#### WORK ORDER:
Copy down the listing below exactly, please, including every line.

-------

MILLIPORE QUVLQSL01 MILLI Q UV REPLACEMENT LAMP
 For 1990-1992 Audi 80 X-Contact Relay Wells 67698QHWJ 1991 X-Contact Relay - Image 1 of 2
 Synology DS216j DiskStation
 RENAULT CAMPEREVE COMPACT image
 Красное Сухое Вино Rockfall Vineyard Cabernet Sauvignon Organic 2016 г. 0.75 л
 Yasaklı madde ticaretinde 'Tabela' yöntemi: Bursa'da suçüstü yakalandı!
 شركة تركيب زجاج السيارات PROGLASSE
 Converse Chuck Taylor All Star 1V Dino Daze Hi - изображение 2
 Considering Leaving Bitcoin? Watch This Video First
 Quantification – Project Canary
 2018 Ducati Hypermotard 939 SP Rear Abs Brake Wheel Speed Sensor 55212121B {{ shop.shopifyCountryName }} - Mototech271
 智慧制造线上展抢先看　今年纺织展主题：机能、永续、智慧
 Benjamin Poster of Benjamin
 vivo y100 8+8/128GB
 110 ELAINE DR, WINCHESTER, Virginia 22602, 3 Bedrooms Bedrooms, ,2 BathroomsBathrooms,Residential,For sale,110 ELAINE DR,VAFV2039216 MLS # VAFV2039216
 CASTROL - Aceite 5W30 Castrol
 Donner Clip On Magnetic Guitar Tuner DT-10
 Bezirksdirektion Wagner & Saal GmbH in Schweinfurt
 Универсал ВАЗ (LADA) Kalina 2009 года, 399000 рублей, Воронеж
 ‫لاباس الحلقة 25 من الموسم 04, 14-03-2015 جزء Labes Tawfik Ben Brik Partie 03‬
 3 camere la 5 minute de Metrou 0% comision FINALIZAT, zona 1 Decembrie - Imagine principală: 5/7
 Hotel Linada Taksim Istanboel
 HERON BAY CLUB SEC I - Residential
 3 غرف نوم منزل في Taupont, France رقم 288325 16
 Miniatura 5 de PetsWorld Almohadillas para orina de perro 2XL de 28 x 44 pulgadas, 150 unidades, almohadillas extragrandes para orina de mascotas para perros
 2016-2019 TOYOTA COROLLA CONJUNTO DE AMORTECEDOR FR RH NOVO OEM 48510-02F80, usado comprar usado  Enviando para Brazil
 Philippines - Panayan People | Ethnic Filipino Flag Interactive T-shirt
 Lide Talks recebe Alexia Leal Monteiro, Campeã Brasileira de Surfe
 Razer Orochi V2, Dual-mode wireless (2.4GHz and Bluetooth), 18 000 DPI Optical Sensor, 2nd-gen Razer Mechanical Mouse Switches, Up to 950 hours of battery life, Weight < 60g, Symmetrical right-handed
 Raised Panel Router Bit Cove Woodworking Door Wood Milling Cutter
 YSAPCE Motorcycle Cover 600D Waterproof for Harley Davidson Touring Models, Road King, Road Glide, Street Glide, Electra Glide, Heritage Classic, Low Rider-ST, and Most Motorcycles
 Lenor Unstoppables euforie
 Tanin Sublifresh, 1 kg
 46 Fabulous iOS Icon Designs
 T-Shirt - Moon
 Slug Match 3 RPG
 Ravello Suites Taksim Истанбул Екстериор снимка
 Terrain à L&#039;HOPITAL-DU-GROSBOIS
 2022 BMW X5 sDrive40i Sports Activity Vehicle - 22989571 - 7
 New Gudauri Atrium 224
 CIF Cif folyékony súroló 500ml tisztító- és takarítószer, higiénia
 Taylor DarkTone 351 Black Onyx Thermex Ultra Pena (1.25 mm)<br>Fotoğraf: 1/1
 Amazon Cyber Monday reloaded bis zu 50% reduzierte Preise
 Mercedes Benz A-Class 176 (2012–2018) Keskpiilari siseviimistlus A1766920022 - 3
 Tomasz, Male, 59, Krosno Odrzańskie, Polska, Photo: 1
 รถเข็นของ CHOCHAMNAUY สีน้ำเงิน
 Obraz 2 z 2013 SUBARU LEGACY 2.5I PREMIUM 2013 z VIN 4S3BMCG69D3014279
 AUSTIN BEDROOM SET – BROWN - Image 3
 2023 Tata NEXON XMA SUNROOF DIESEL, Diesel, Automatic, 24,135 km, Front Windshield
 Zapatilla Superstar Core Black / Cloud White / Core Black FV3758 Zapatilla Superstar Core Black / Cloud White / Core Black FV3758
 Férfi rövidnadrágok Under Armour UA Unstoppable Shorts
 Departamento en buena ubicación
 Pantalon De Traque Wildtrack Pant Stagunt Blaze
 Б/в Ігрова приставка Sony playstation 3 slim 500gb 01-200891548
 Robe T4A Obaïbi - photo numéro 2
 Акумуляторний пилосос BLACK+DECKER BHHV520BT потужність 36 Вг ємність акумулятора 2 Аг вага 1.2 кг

-------

#### OUTPUT FOR THIS TASK:
MILLIPORE QUVLQSL01 MILLI Q UV REPLACEMENT LAMP
 For 1990-1992 Audi 80 X-Contact Relay Wells 67698QHWJ 1991 X-Contact Relay - Image 1 of 2
 Synology DS216j DiskStation
 RENAULT CAMPEREVE COMPACT image
 Красное Сухое Вино Rockfall Vineyard Cabernet Sauvignon Organic 2016 г. 0.75 л
 Yasaklı madde ticaretinde 'Tabela' yöntemi: Bursa'da suçüstü yakalandı!
 شركة تركيب زجاج السيارات PROGLASSE
 Converse Chuck Taylor All Star 1V Dino Daze Hi - изображение 2
 Considering Leaving Bitcoin? Watch This Video First
 Quantification – Project Canary
 2018 Ducati Hypermotard 939 SP Rear Abs Brake Wheel Speed Sensor 55212121B {{ shop.shopifyCountryName }} - Mototech271
 智慧制造线上展抢先看　今年纺织展主题：机能、永续、智慧
 Benjamin Poster of Benjamin
 vivo y100 8+8/128GB
 110 ELAINE DR, WINCHESTER, Virginia 22602, 3 Bedrooms Bedrooms, ,2 BathroomsBathrooms,Residential,For sale,110 ELAINE DR,VAFV2039216 MLS # VAFV2039216
 CASTROL - Aceite 5W30 Castrol
 Donner Clip On Magnetic Guitar Tuner DT-10
 Bezirksdirektion Wagner & Saal GmbH in Schweinfurt
 Универсал ВАЗ (LADA) Kalina 2009 года, 399000 рублей, Воронеж
 ‫لاباس الحلقة 25 من الموسم 04, 14-03-2015 جزء Labes Tawfik Ben Brik Partie 03‬
 3 camere la 5 minute de Metrou 0% comision FINALIZAT, zona 1 Decembrie - Imagine principală: 5/7
 Hotel Linada Taksim Istanboel
 HERON BAY CLUB SEC I - Residential
 3 غرف نوم منزل في Taupont, France رقم 288325 16
 Miniatura 5 de PetsWorld Almohadillas para orina de perro 2XL de 28 x 44 pulgadas, 150 unidades, almohadillas extragrandes para orina de mascotas para perros
 2016-2019 TOYOTA COROLLA CONJUNTO DE AMORTECEDOR FR RH NOVO OEM 48510-02F80, usado comprar usado  Enviando para Brazil
 Philippines - Panayan People | Ethnic Filipino Flag Interactive T-shirt
 Lide Talks recebe Alexia Leal Monteiro, Campeã Brasileira de Surfe
 Razer Orochi V2, Dual-mode wireless (2.4GHz and Bluetooth), 18 000 DPI Optical Sensor, 2nd-gen Razer Mechanical Mouse Switches, Up to 950 hours of battery life, Weight < 60g, Symmetrical right-handed
 Raised Panel Router Bit Cove Woodworking Door Wood Milling Cutter
 YSAPCE Motorcycle Cover 600D Waterproof for Harley Davidson Touring Models, Road King, Road Glide, Street Glide, Electra Glide, Heritage Classic, Low Rider-ST, and Most Motorcycles
 Lenor Unstoppables euforie
 Tanin Sublifresh, 1 kg
 46 Fabulous iOS Icon Designs
 T-Shirt - Moon
 Slug Match 3 RPG
 Ravello Suites Taksim Истанбул Екстериор снимка
 Terrain à L&#039;HOPITAL-DU-GROSBOIS
 2022 BMW X5 sDrive40i Sports Activity Vehicle - 22989571 - 7
 New Gudauri Atrium 224
 CIF Cif folyékony súroló 500ml tisztító- és takarítószer, higiénia
 Taylor DarkTone 351 Black Onyx Thermex Ultra Pena (1.25 mm)<br>Fotoğraf: 1/1
 Amazon Cyber Monday reloaded bis zu 50% reduzierte Preise
 Mercedes Benz A-Class 176 (2012–2018) Keskpiilari siseviimistlus A1766920022 - 3
 Tomasz, Male, 59, Krosno Odrzańskie, Polska, Photo: 1
 รถเข็นของ CHOCHAMNAUY สีน้ำเงิน
 Obraz 2 z 2013 SUBARU LEGACY 2.5I PREMIUM 2013 z VIN 4S3BMCG69D3014279
 AUSTIN BEDROOM SET – BROWN - Image 3
 2023 Tata NEXON XMA SUNROOF DIESEL, Diesel, Automatic, 24,135 km, Front Windshield
 Zapatilla Superstar Core Black / Cloud White / Core Black FV3758 Zapatilla Superstar Core Black / Cloud White / Core Black FV3758
 Férfi rövidnadrágok Under Armour UA Unstoppable Shorts
 Departamento en buena ubicación
 Pantalon De Traque Wildtrack Pant Stagunt Blaze
 Б/в Ігрова приставка Sony playstation 3 slim 500gb 01-200891548
 Robe T4A Obaïbi - photo numéro 2
 Акумуляторний пилосос BLACK+DECKER BHHV520BT потужність 36 Вг ємність акумулятора 2 Аг вага 1.2 кг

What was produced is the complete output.